Understanding the investment control landscape
As geopolitical competition heats up, investment controls have emerged as a prominent tool—alongside export controls, tariffs, industrial incentives, and other trade-related measures—that governments are using to advance economic prosperity and protect national security. Through investment restrictions, governments can prevent foreign companies from gaining control of sensitive industries or infrastructure, protect access to critical resources, and preserve strategic advantage in select sectors. Conversely, they may relax investment rules to create incentives for multinational corporations and investment institutions to inject funds into their economies.
Investment controls vary significantly from country to country but typically focus on sectors that affect national or economic security, such as semiconductors, quantum and AI technologies, energy technologies, biotechnology, and defense and dual-use items. They also often restrict investments in critical infrastructure, bulk personal data, and real estate located near sensitive government facilities.
Investment controls differ from capital controls, through which governments regulate the flow of money in and out of their economies to protect their financial stability. However, capital controls can be imposed in retaliation for other countries’ trade and investment restrictions and can include foreign exchange controls, limits on capital outflows, and taxes and levies on capital outflows.
The world’s largest economies have all established investment control regimes, although the nature of these restrictions varies depending on the level of state involvement in the economy. The Committee on Foreign Investment in the United States (CFIUS), established in 1975, expanded significantly in the 2000s in the wake of the 9/11 attacks, then again after 2018 as geopolitical tensions (especially with China and Russia) increased. In 2020, in response to growing geopolitical concerns, the European Union approved FDI screening regulations that mirrored CFIUS’s regime, and United States allies including Australia, Japan, and the United Kingdom followed suit in subsequent years.

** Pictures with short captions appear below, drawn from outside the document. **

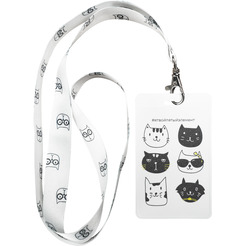 Ланьярд "Коты" (Экокожа)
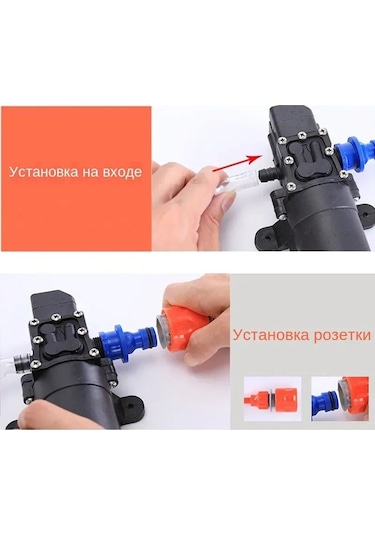 Gajeena 12v Araç Şarjlı Taşınabilir Yüksek Basınçlı Araç Yıkama Makinesi - 7m Hortumlu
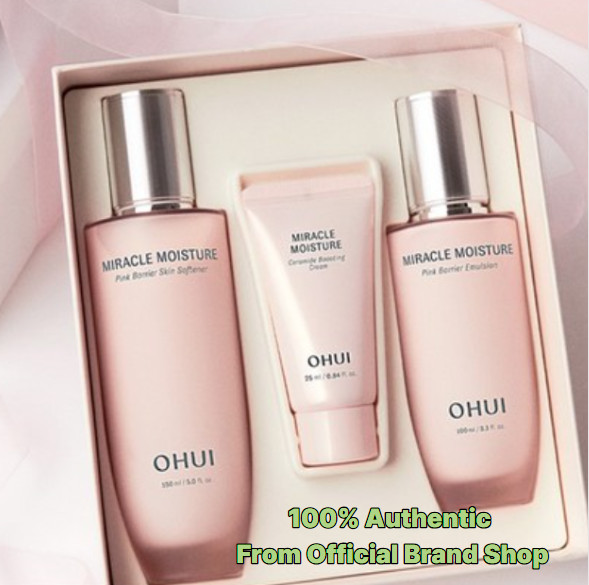 OHUI Miracle Moisture Pink Barrier Skincare 2pcs Special Set K-Beauty NEW OHUI Miracle Moisture Pink Barrier Skincare 2pcs Special Set K-Beauty NEW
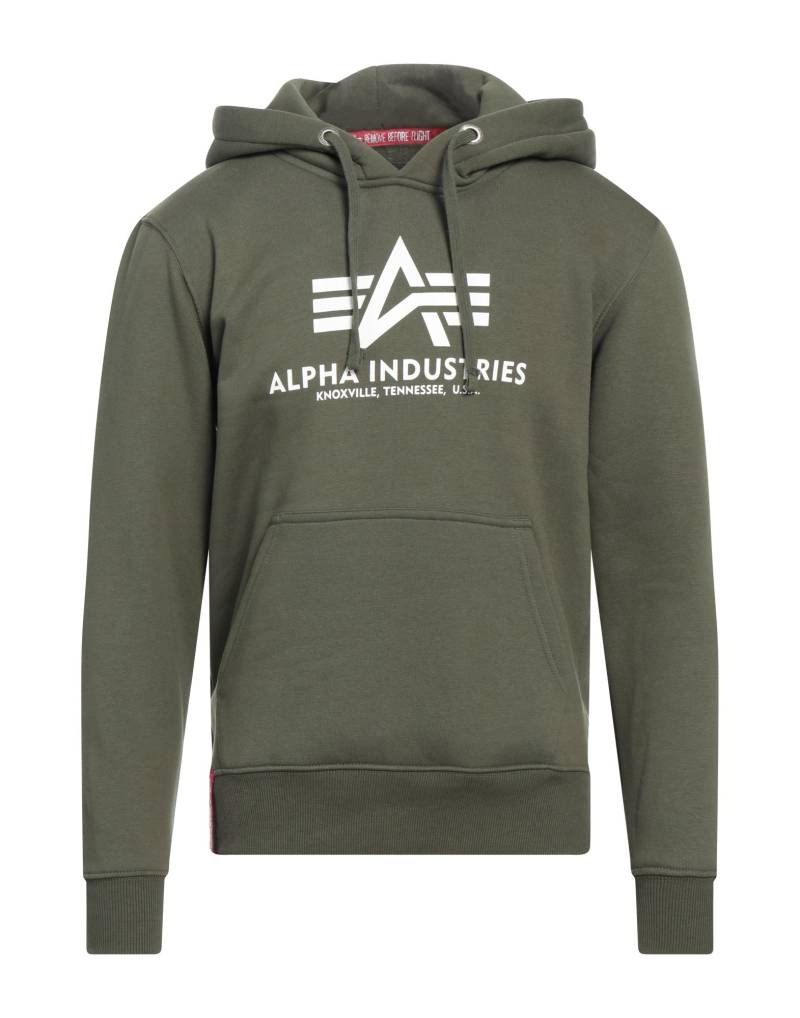 ALPHA INDUSTRIES Sweatshirt Herren Dunkelgrün von ALPHA INDUSTRIES
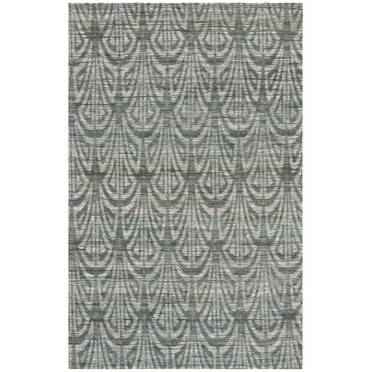 SAFAVIEH Cape Cod Vasiliki Geometric Area Rug, 3' x 5', Slate/Ivory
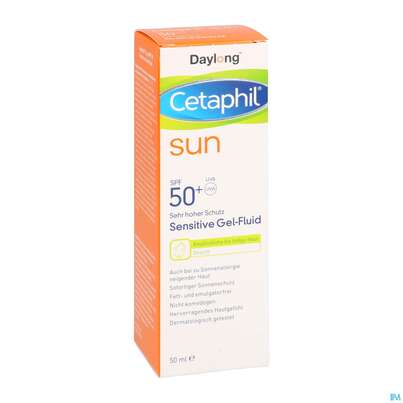 Sonnenprodukte Cetaphil Sun Daylong Sensitive Gel Fluid Sfp50+ 50ml, A-Nr.: 5129744 - 03
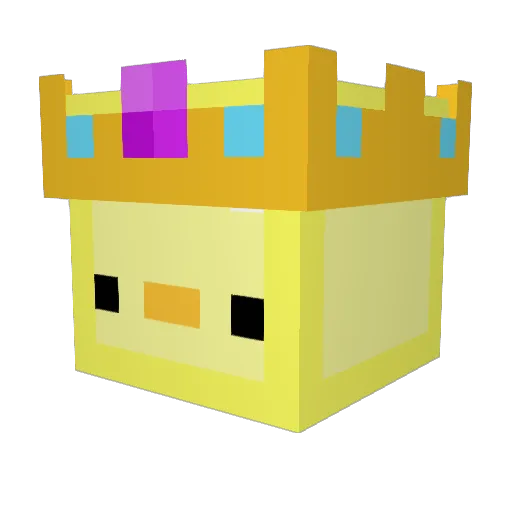 HollywoodVideos Minecraft avatar head, 3D render
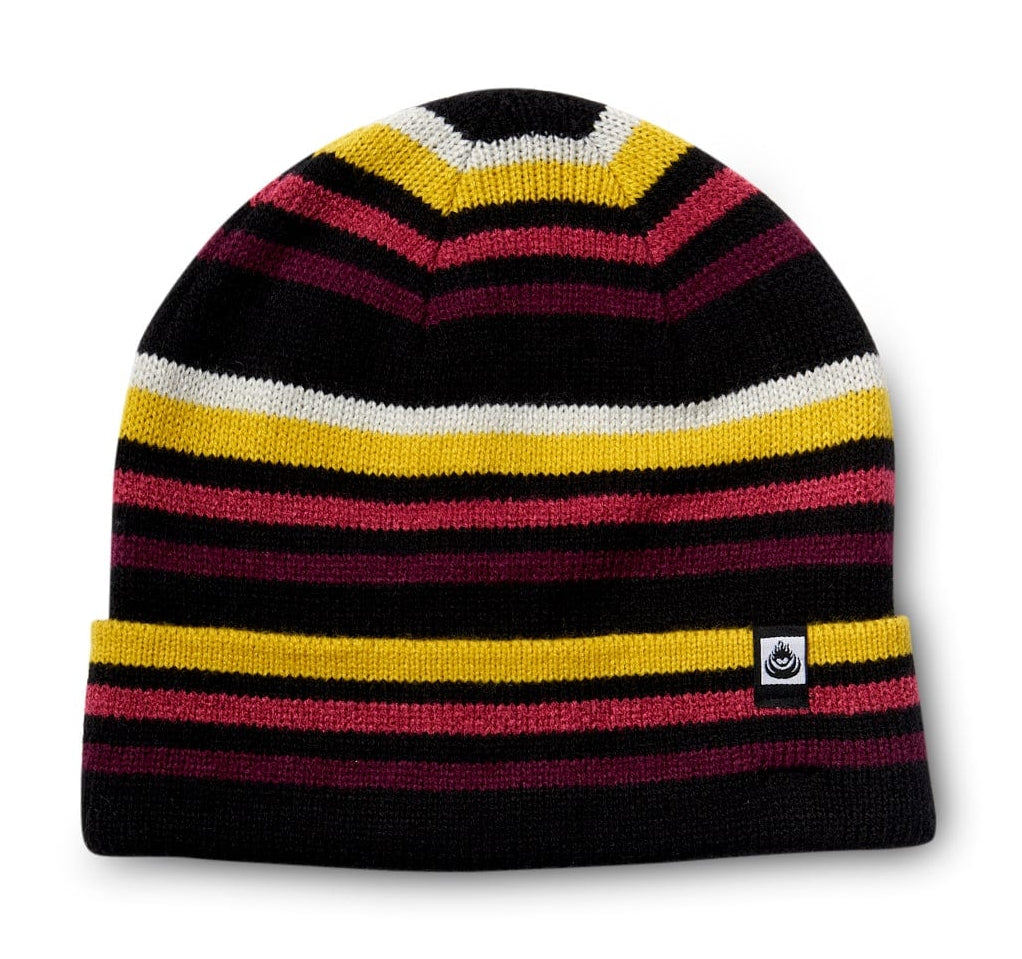 Saltrock Adults Ok Stripe Beanie - Black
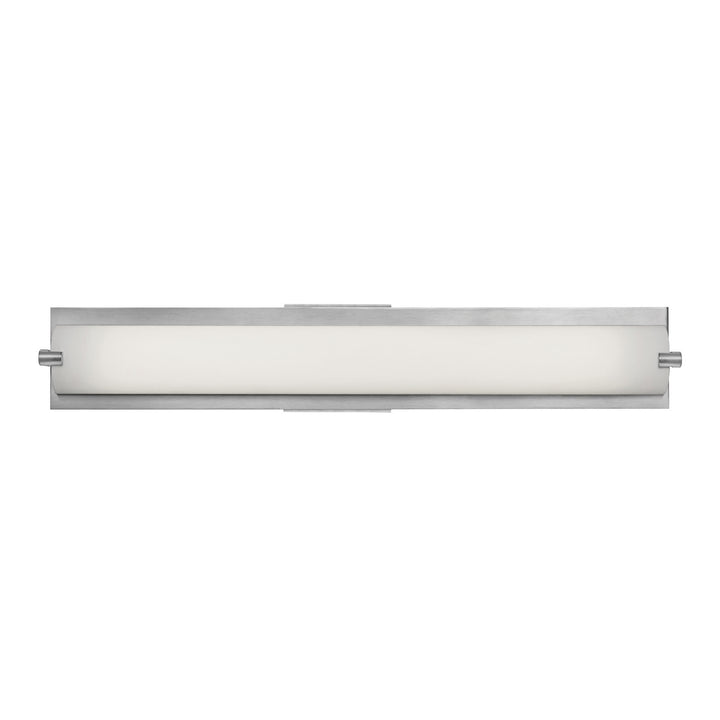 Access Geneva 31010LEDD-BS/OPL Bath Vanity Light 25 in. wide - Brushed Steel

In countries that have traditionally exerted more influence over the companies operating within their borders, investment controls evolved differently. In 2019, as trade tensions with the United States grew, the Chinese government enacted the Foreign Investment Law in 2019 to provide more clarity for foreign investors about requirements for investing in China. In particular, between 2002 and 2012, the Chinese government’s policies requiring technology transfers to domestic firms in order to operate in Chinese markets reportedly increased by 600 percent.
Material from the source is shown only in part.